King Album By praiz- Review

The King album has most of its content impressively dedicated to the praise and melodious adulation of the protagonist’s queen, his muse throughout the album. It is a step up from his debut album no doubt. But the listening process is slightly upsetting owing to some unnecessary features.

King By Praiz Album Review

Aided by warm, soft piano chords, the album opens on the account of smooth RnB with under The Sky. Nothing can go wrong when Praiz digs deep and croons ballads inspired by his lover. Folashade, unlike the first track, opens with thick strings of guitar before the violin makes a welcomed appearance midway as Praiz apologizes to Folashade for his shortcomings. The tempo is still well under control and the album continues to pique a serial, nondisruptive mood in its listener. Electronic beats opens the third track No pain. And Praiz continues to impress in his role as a king who is totally mesmerized by his queen. This time it is the trumpets that comes midway as Praize vows to die for his lover. If he is ever required to do so.

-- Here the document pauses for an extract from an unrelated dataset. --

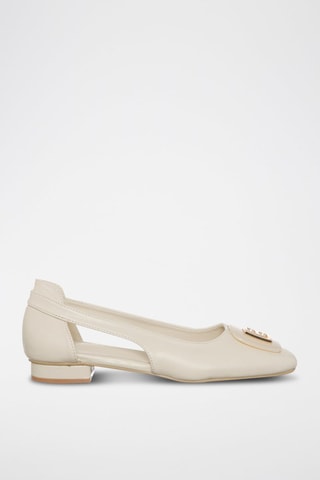 Leren Ballerina's Ecru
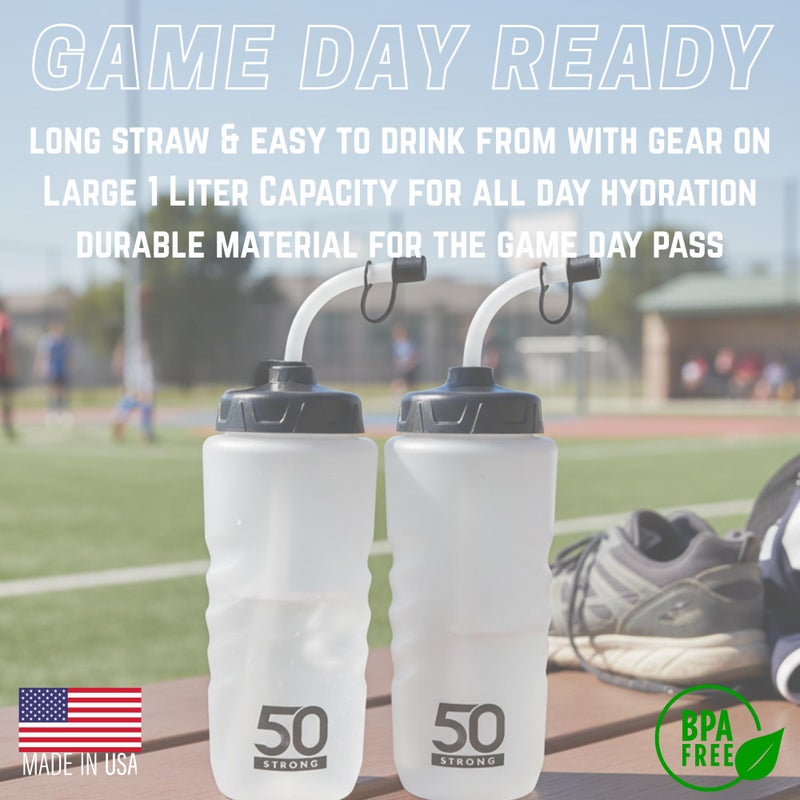 50 Strong 1 Liter Water Bottle with Straw â€“ 2-Pack Easy-Squeeze Sports Bottles with Long Straw & Built-In Finger Grip â€“ BPA-Free â€“ Made in USA â€“ Ideal for Hockey, Football, Lacrosse & Boxing - Image 2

Three tracks in and a great mood of emotive blues have been set. There is therefore absolutely no need to initiate a ripple effect against this perfect course in the way Let Me Love You did. If it was up to me the song comes as a bonus track in the rear end. Or doesn’t even come at all. Madu is a return to the emotive mood the album has so far excelled at setting with the exemption of the Timaya feature. And Madu is really a beautiful track with impeccable production.

King By Praiz Album Review

You get why he went out to include features- commercial advantage-but so far the album would have fared better without none. Ring On It with Olamide comes on next and it should have honestly been the first feature on the album. It is not the most impressive collaboration but it somehow fits better into the album. Its production, though considerably more upbeat than the rest so far, still doesn’t throw you completely off the theme and mood of the album.

Track 7 comes on with Phyno as the third guest artist on the album. If the album had to be reduced or streamlined to achieve more cohesion and look more solid I’d bin the Olamide feature for the 7th track with Phyno. Papa is inspired by his father for how well he loved his mother. Lastly, he Burna Boy Feature and Burna Boy’s verse on 69 is a stand out of all the guest verses. Other standout tracks: Watchu Gon Do, Somebody and the last, 16th track, Take You Home.

Album Rating:6.8

This album felt like it genuinely needed only three features at best for the purpose and theme of the album. Or to be honest none at all. The best tracks on the album are without features. But it appears the commercial advantage of some of the eye catching features was understandably given priority over the overall album experience. And that somehow marred what could have been a modern-day masterpiece RnB project.